“客人,該出來用晚飯了。”
敲門的聲音越發的急促,那道蒼老的聲音也開始變得有些陰森起來:“快開門啊客人,大家都在外面等著您呢。”
似乎是聽到了房間里的動靜,站在門口的老管家身體沒動,頭顱卻以一種扭曲的姿態伸到了門縫前,黑漆漆的眼珠子直勾勾的窺伺著縫隙。
縫隙里除了些許的光亮以外空無一人。
老管家的頭顱卻沒有放棄的打算,竟詭異的融化成了一灘黑水,順著縫隙往房里鉆......
四十八次。
江寄舟在這間房里死了四十八次,無論是開門與否,他都會被殺死。
浴室里的浴缸不斷地留著血水,江寄舟眼前鏡子里的倒影也在扭曲變形,距離他越來越近。
在那一抹畸形的影子即將破鏡而出時,江寄舟抬手打碎了鏡子,手上被劃上流出的鮮血是詭譎的艷紅,破碎的鏡子里倒映著江寄舟充滿戾氣狹長的眼。
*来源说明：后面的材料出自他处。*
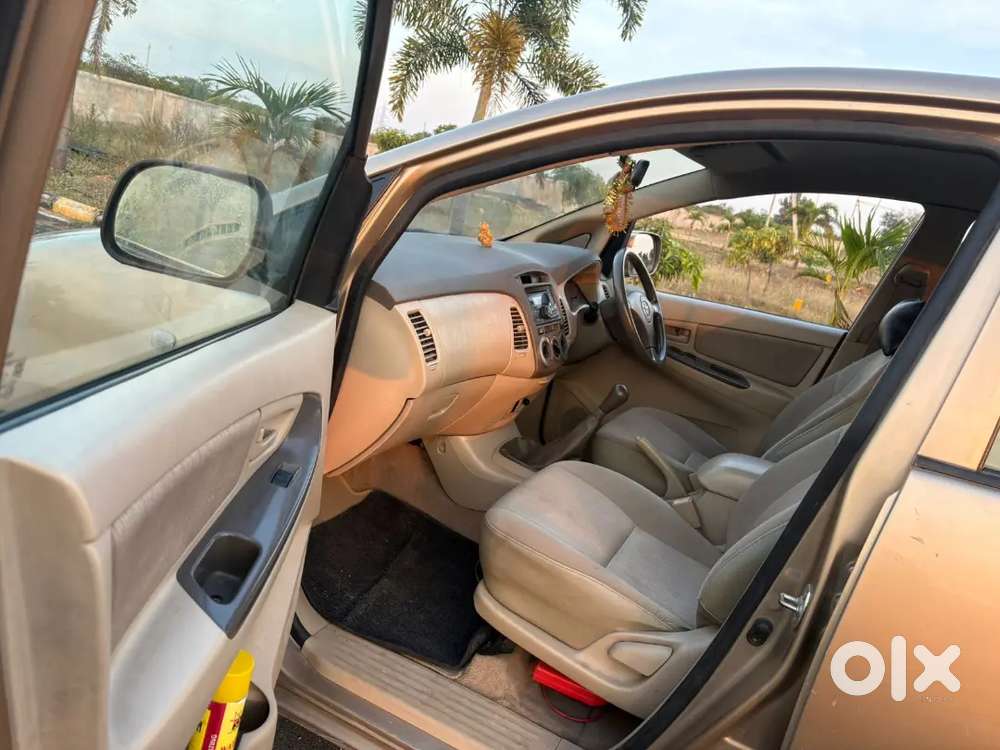 Toyota Innova 2005 Petrol Well Maintained, Very Good Condition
江寄舟壓抑著翻涌的怒火,熟練的撿起破碎的鏡片,對著浴缸里翻滾著的血水笑道:“你也想和“它”一樣嗎?”
血水翻滾著,似乎察覺到這個人類的不同之處,異變的更加厲害,幾個呼吸的瞬間,便蔓延到了江寄舟的小腿處。
粘膩的觸感在小腿上停留,江寄舟臉色陰沉下來,姣好艷麗的面容透出幾分陰狠:“真是惡心。”
浴缸里的血水只剩下淺薄的一層,稀薄的可憐。